AZT: Ripsey Wash to near lowest point, 19 miles

Storms in the desert make for dramatic lighting.

The rain is brief and the moon shines brightly.

Also brief.

Until dark. Our visitor, who we’re pretty sure is a javelina from the clopping of hooves, tries one more visit. But there’s nothing carelessly left out, so he gives up.

The quiet is broken by one test chirp by a black throated sparrow. I peak out on heavy black clouds and barely any light.

It’s quiet until he gives his chirp another try. Then goes full on.

He’s in the distance across the wash and I can kind of ignore him and stay cuddled in a bit longer.

It’s the canyon towhee perched right above me twee twee twee scddddddd that makes me realize it’s time to get up.

I cook from my tent, wearing just a tank and my underwear.

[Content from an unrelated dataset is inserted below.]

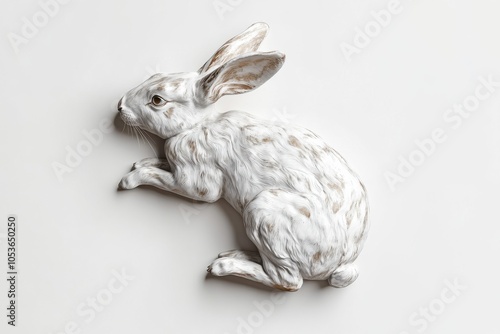 Luxurious Cream and Silver Rabbit on White Background photo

But that doesn’t slow down Ozoner who stands at my entryway to discuss the finer points of using a Sawyer Squeeze filter.

I’m pretty sure he’s clueless and can’t help himself, so I let him drone on about not actually squeezing but rather letting gravity do the work and to use a bandana when I collect water from the Gila since it’s muddy – all as if I’ve never done this before.

Ozoner is the epitome of a gear nerd and mansplains me on the proper use of my filter while I ate breakfast, dressed only in a tank and undies. I found him annoying but endearing at the same time.

He would drive me crazy normally, but I’m not slowed down as I pack up and he’s nice enough offering to filter a liter for my trip.

I snap pictures of the magenta sunrise knowing it points to a rough day ahead. Ozoner leaves me with the tip that it will start raining at 9 and rain fairly steady until late afternoon.

It certainly makes for an amazing sky. The only other place I’ve seen an entire mountain range turn black is Scotland. Arizona has similar light with sun peaking out under heavy rain clouds ready to burst – or dissipate – at any second.

I leave our long snaky wash and cross an open ridge with views forever. It’s still dry and warm as I follow a long, black hose transporting spring water to cattle somewhere in this expanse.

The trail is lined with purple lupine, thick and stalwart. I try to take a picture but it can’t begin to capture the extraordinary beauty.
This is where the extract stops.